A Guide to the Birds of East Africa

A McCall Smith-like romance set in Kenya's expat community.

A Guide to the Birds of East Africa By Nicholas Drayson Houghton Mifflin 208 pp. $22

In the natural world, courtship rituals can be both dangerous and painful – and lead to big headaches for the male of the species. (Just ask a black widow spider or a big-horned sheep.)

It’s not that much easier for homo sapiens, as naturalist and author Nicholas Drayson shows by closely observing the courtship of one Mr. Malik, a small, round Nairobi businessman with a classic comb-over, in his quietly beguiling new novel, A Guide to the Birds of East Africa.

For three years, Mr. Malik, an avid birder, has had a silent crush on Rose Mbikwa, the leader of the Tuesday Morning Bird Walk. Just when he’s worked up the courage to ask the Scottish widow to the annual Hunt Club Ball, who should appear but his old schoolmate, Harry Khan.

If the men were birds, the eye-catching Khan would be a peacock or flamingo, whereas Mr. Malik, as the novel’s character guide helpfully points out, is what birders would call “a small, brown job.”

Khan has been Mr. Malik’s nemesis since they were high-school roommates in England. (On their first morning, when Malik asked to borrow some toothpaste, he ended up brushing his teeth with Khan’s antifungal ointment. Things went downhill from there.)

Naturally, Khan also wants to take Rose to the Hunt Club Ball. Unable to agree who should get to ask her out first, the men settle on a wager: Whoever can spot the most different species of birds in a week wins.

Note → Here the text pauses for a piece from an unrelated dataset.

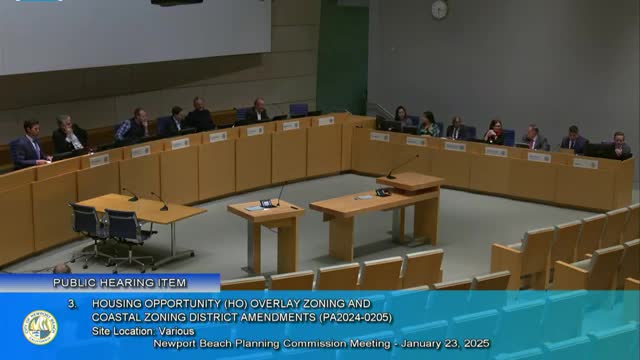 Planning commission recommends Council approve housing‑overlay amendments and higher heights in Newport Center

The wealthy Khan, who knows nothing about birds, enlists the aid of two Australian ecotourists and charters planes to exotic locales such as Mount Kenya and Victoria Falls. Mr. Malik’s campaign is more haphazard and disaster-ridden, plagued by everything from armed robbers (who steal his car and his precious birding notebook) to Somali raiders.

Comparisons with Alexander McCall Smith’s “No 1. Ladies Detective Agency” seem inevitable. (The author photo even features Drayson wearing a similar hat to McCall Smith. Drayson, however, goes one better: He’s photographed cuddling a chicken.)

Less bush tea and an archer tone
Not only is not a single cup of bush tea consumed, but Drayson’s tone is more arch than McCall Smith’s warmly generous musings about Botswana, and features pointed commentary about both domestic and international politics.

“There is a distressing but not uncommon condition of presidents and other world leaders known as Worrying About Africa,” our narrator explains. “It is usually picked up overseas at a summit meeting on world poverty or disease and symptoms include painful twinges of guilt ... uncomfortable feelings somewhere below the stomach that perhaps unfettered capitalism is not the benevolent force for good we are constantly assured it is, and frequent attacks of calling for Something to Be Done. The best remedy is invariably a stiff dose of domestic crisis.”

At its best, “A Guide to the Birds of East Africa” reads like transplanted Wodehouse. There’s even a Drones Club, here called the Asadi Club, where members of Kenya’s Indian community devote themselves to eating chili popcorn and making absurd wagers.

Then Drayson devotes an entire chapter to a tired bet involving flatulence, and the resemblance fades somewhat. (Where’s a “Great Sermon Handicap” when you need one?)

Happily, that chapter comes early on, and once Drayson and characters finish snickering, the novel quickly picks up enough speed and altitude to stay airborne.

The bet gives Drayson an opportunity to talk about the glories of Kenya’s 1,000 different bird species in terms that will have twitchers reaching for plane tickets and binoculars.

For example, here’s Drayson on the hoopoe: “...the first time I saw one in Africa I had much the same feeling as Mr. Malik was having now. It was one of happy elation. There is something about the shape of the bird, with its long curved beak and clown’s crest, and the color of the bird, with its bright russet plumage speckled with bands of black and white – there is even something about the very name of the bird – that just cheers you up. Forget the bluebird of happiness, give me a hoopoe every time.”

The charms of an honorable suitor
Much as the jackdaw used its wits to win the birds’ beauty contest in Aesop’s fables, Mr. Malik’s unflinching sense of honor, which he takes to exasperating lengths, and anonymous activism quietly and gradually charm a reader.

Whether they’re enough to win the hand of Rose is another matter, but nobody short of Cinderella ever worked harder to get to a ball.

Yvonne Zipp regularly reviews fiction for the Monitor.